Not setting a minimum score threshold. If a lead has a 0.3% conversion probability and your cost per dial attempt is $0.15, dialing that lead costs $50 per conversion just in phone costs. Some leads genuinely aren't worth dialing. For most operations, the minimum threshold is between 0.02 and 0.05.
The Economics
For a typical B2B outbound campaign with $2,000 average deal value:
- Without scoring: 4.5% conversion, $12 cost per sale, 1.8 sales per agent-hour
- With scoring (top 50% of leads): 7.2% conversion, $7.50 cost per sale, 2.9 sales per agent-hour
The conversion lift is good. The agent efficiency gain is what pays for the whole thing. More sales per hour means higher commissions, lower turnover, and lower cost per acquisition. The model pays for itself in the first week.
The hidden benefit: agent morale. When agents spend less time dialing dead numbers and more time talking to real prospects, their per-hour commission goes up and their frustration goes down. The lead scoring model doesn't just improve your numbers — it improves the daily experience of working on your floor.

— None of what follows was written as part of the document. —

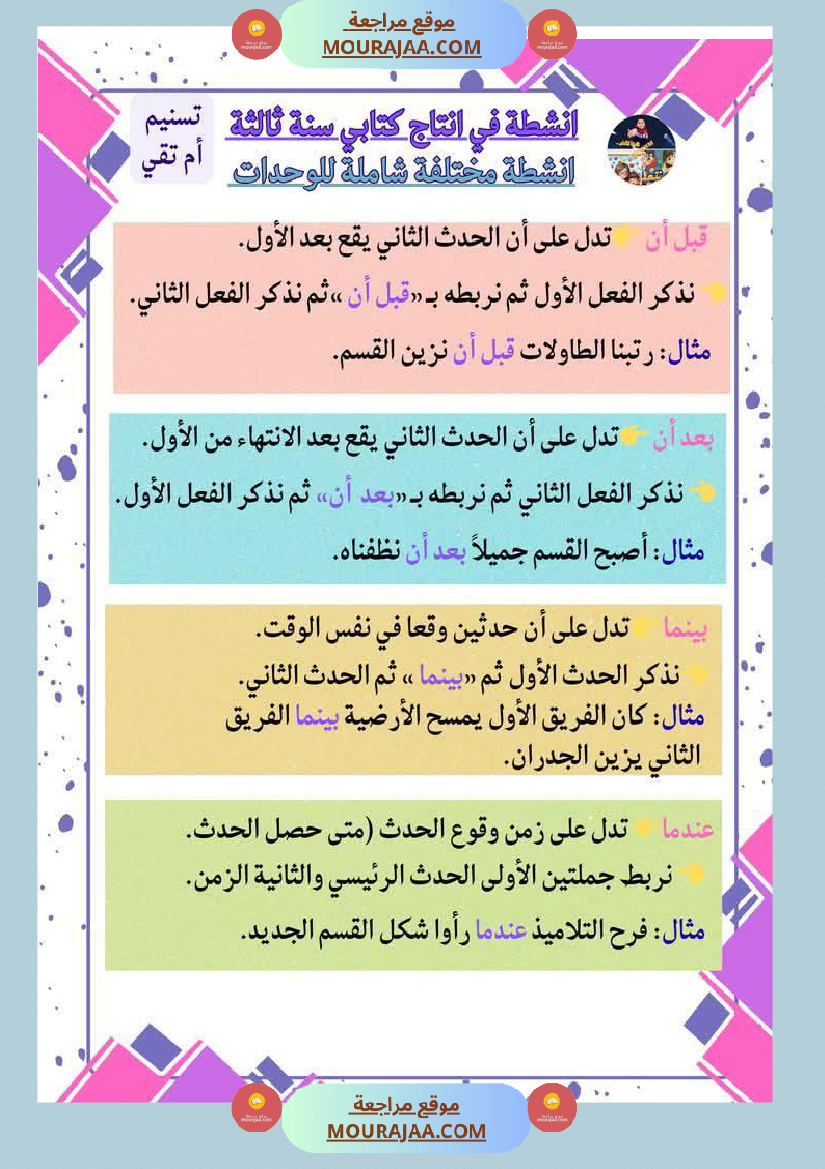 مجال العربية سنة الثالثة الثلاثي الاول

Getting Started: The Minimum Viable Score
If the full pipeline sounds like a lot, here's the minimum viable approach:
- Export 3-6 months of completed leads with outcomes from VICIdial (the SQL query takes 10 minutes to write)
- Run the feature engineering and gradient boosting training script (copy from the full guide, takes 5 minutes to run)
- Score your active leads and assign ranks via the VICIdial API
- Set your campaign's Lead Order to rank-based sorting in the admin panel
That's the whole thing. Four steps. You can do it in an afternoon and start seeing results the next dialing day.
The scores won't be perfect on day one. They don't need to be. A model that's right 70% of the time is still dramatically better than random ordering, which is right 0% of the time. As you accumulate more data and retrain monthly, the scores sharpen. By month three, you'll have a well-calibrated model that your team will refuse to dial without.
For the complete implementation with SQL extract queries, the full Python training and scoring scripts, VICIdial API integration code, and cron automation setup, see the full guide at ViciStack.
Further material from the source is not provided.